AIM OF THE TASK: Reproduce the records below exactly as shown.
[INPUT MATERIAL Boundary: Start]
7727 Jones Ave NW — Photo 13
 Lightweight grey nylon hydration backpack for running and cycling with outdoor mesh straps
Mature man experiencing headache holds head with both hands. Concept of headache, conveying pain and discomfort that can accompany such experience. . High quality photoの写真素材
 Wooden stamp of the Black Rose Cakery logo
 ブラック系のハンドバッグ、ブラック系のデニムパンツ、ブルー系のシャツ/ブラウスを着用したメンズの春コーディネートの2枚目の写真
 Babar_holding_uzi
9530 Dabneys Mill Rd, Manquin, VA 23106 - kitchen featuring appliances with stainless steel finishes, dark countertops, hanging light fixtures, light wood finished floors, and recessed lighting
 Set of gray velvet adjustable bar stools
[INPUT MATERIAL Boundary: End]
REPLY:
7727 Jones Ave NW — Photo 13
 Lightweight grey nylon hydration backpack for running and cycling with outdoor mesh straps
Mature man experiencing headache holds head with both hands. Concept of headache, conveying pain and discomfort that can accompany such experience. . High quality photoの写真素材
 Wooden stamp of the Black Rose Cakery logo
 ブラック系のハンドバッグ、ブラック系のデニムパンツ、ブルー系のシャツ/ブラウスを着用したメンズの春コーディネートの2枚目の写真
 Babar_holding_uzi
9530 Dabneys Mill Rd, Manquin, VA 23106 - kitchen featuring appliances with stainless steel finishes, dark countertops, hanging light fixtures, light wood finished floors, and recessed lighting
 Set of gray velvet adjustable bar stools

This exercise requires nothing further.